What is expected: Retype all the data word for word.

Information supplied:

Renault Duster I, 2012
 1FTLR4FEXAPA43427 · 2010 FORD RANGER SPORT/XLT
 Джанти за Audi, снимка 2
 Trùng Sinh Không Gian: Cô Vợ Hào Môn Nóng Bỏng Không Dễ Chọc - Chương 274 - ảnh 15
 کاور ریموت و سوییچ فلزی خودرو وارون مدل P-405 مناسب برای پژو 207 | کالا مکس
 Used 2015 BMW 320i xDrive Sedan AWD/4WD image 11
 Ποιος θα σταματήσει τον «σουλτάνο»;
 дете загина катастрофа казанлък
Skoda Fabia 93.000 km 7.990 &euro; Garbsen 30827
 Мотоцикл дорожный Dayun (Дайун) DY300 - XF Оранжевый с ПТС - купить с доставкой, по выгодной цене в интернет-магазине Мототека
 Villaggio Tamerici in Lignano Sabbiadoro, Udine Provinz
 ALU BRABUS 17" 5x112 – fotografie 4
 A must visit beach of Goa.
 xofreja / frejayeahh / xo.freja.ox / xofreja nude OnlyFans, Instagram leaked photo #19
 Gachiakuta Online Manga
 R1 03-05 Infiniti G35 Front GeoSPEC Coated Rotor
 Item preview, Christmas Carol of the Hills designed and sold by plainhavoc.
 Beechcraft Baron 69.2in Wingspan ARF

Answer for the task:
Renault Duster I, 2012
 1FTLR4FEXAPA43427 · 2010 FORD RANGER SPORT/XLT
 Джанти за Audi, снимка 2
 Trùng Sinh Không Gian: Cô Vợ Hào Môn Nóng Bỏng Không Dễ Chọc - Chương 274 - ảnh 15
 کاور ریموت و سوییچ فلزی خودرو وارون مدل P-405 مناسب برای پژو 207 | کالا مکس
 Used 2015 BMW 320i xDrive Sedan AWD/4WD image 11
 Ποιος θα σταματήσει τον «σουλτάνο»;
 дете загина катастрофа казанлък
Skoda Fabia 93.000 km 7.990 &euro; Garbsen 30827
 Мотоцикл дорожный Dayun (Дайун) DY300 - XF Оранжевый с ПТС - купить с доставкой, по выгодной цене в интернет-магазине Мототека
 Villaggio Tamerici in Lignano Sabbiadoro, Udine Provinz
 ALU BRABUS 17" 5x112 – fotografie 4
 A must visit beach of Goa.
 xofreja / frejayeahh / xo.freja.ox / xofreja nude OnlyFans, Instagram leaked photo #19
 Gachiakuta Online Manga
 R1 03-05 Infiniti G35 Front GeoSPEC Coated Rotor
 Item preview, Christmas Carol of the Hills designed and sold by plainhavoc.
 Beechcraft Baron 69.2in Wingspan ARF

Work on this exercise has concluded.